Amma's jackfruit biryani


Recommended Posts

suvir,

i'm very intrigued by the jackfruit biryani on the menu at amma (which has received positive reviews from people on the new york forum). does the fact that you refer to the fruit by the bengali name (kathal) mean that this is your take on a traditional bengali preparation? (or is kathal not just the bengali name for jackfruit?); in any event, can you tell us a little more about the origins of the dish? bengalis, of course, cook a lot with kathal (both the raw and ripe versions) but i am not familiar with this particular preparation.

regards,

mongo

Link to post
Share on other sites

this thread is getting to be quite the monologue.
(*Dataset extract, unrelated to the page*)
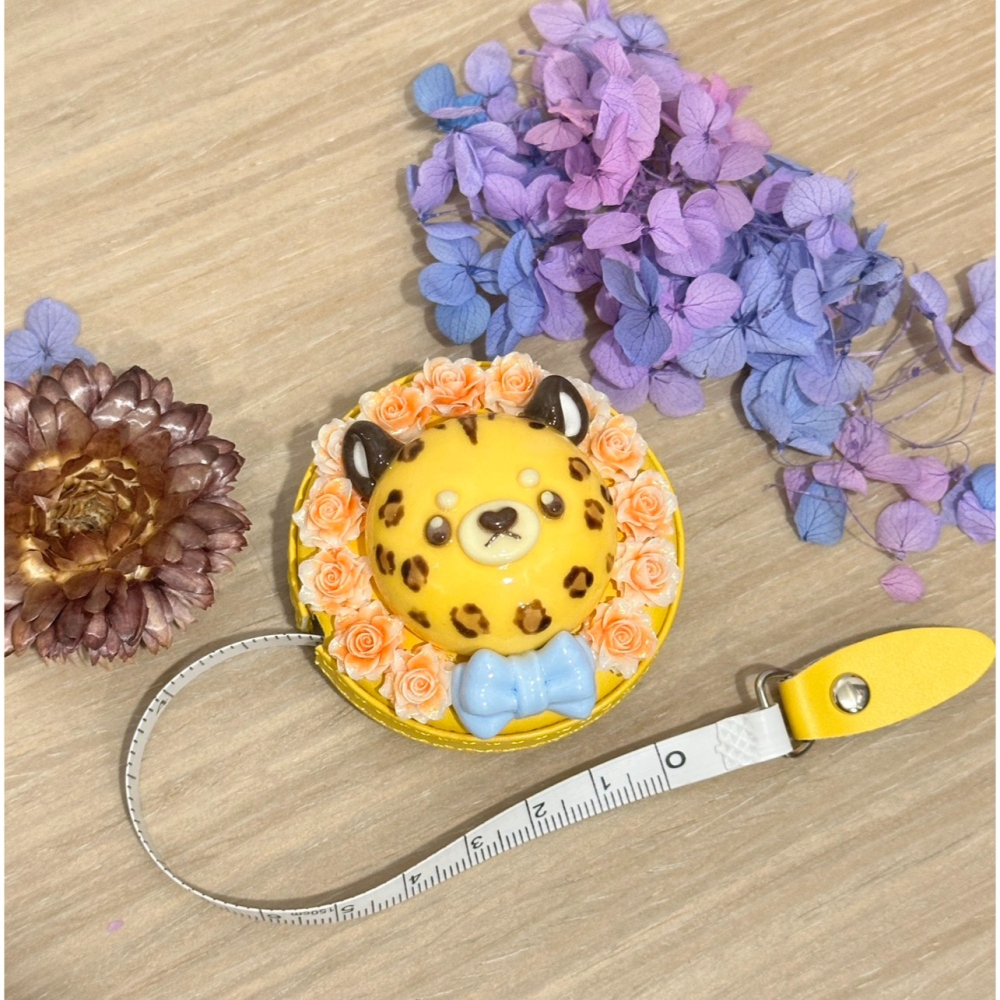 【新世界狂歡】春庭豹影_皮質布尺◆◇手作輕黏土系列◇◆-細節圖2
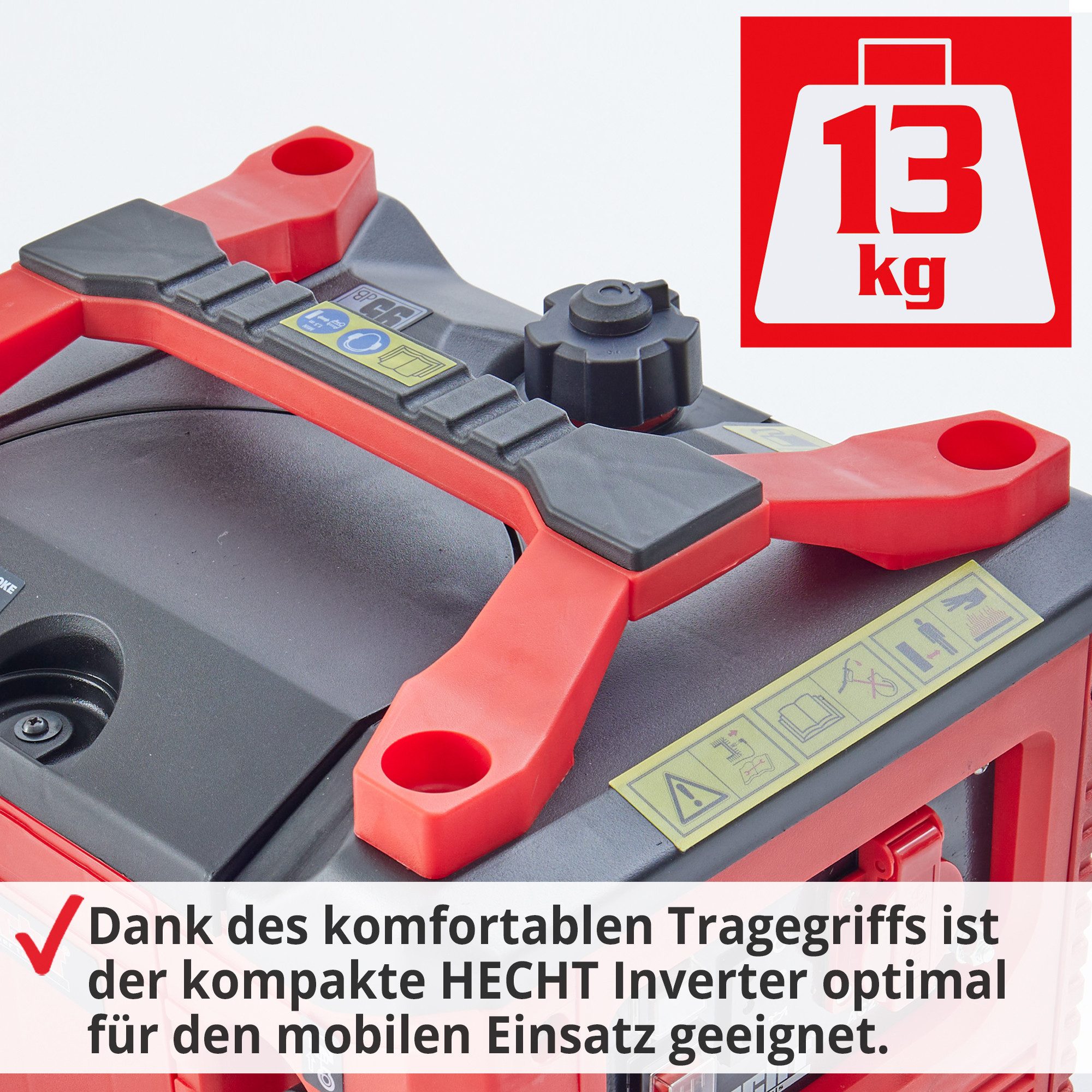 Hecht Inverter Petrol Generator IG 1100, 1.02 kW, 4.5 liters, 1000W, 53.3 cm³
okay, so i found a couple of links to kathal-rice dishes, one even called a kathal biryani. one site lists their dish as being from kerala, the other does not give a provenance:

http://www.bawarchi.com/cookbook/kerala4.html

http://www.rumela.com/recipe/indian_biryani_kathal.htm

it also appears that kathal is being grown in some places in the u.s:

http://www.fairchildgarden.org/research/jackfruit.html

this other site, which gives more info on the fruit suggests that attempts to grow the trees in the u.s have not been very successful:

http://www.crfg.org/pubs/ff/jackfruit.html

suvir, where are you sourcing yours from?

edited to add yet another link: everything you wanted to know about jackfruit but were too afraid to ask

Edited by mongo_jones (log)
Link to post
Share on other sites

Hey y'all I just read Rashmi Uday Singhs review of a 15 day old restaurant that has opened in Andheri _ Tantra. It specialises in Frontier Food. I noticed that they have a jack fruit biryani on their menu though they did not get a very good review for it.

Just thought youd all like to know....

Link to post
Share on other sites
Hey y'all I just read Rashmi Uday Singhs review of a 15 day old restaurant that has opened in Andheri _ Tantra. It specialises in Frontier Food. I noticed that they have a jack fruit biryani on their menu though they did not get a very good review for it.

Just thought youd all like to know....

Details ?? East or West ?

anil

Link to post
Share on other sites
i'm very intrigued by the jackfruit biryani on the menu at amma ...

Interesting.

Does this use the green jackfruit (called "enchor" in Bengali) or the ripe jackfruit (called "kanthal")?

I had never heard of this before, but wouldn't actually surprise me if using the green jackfruit.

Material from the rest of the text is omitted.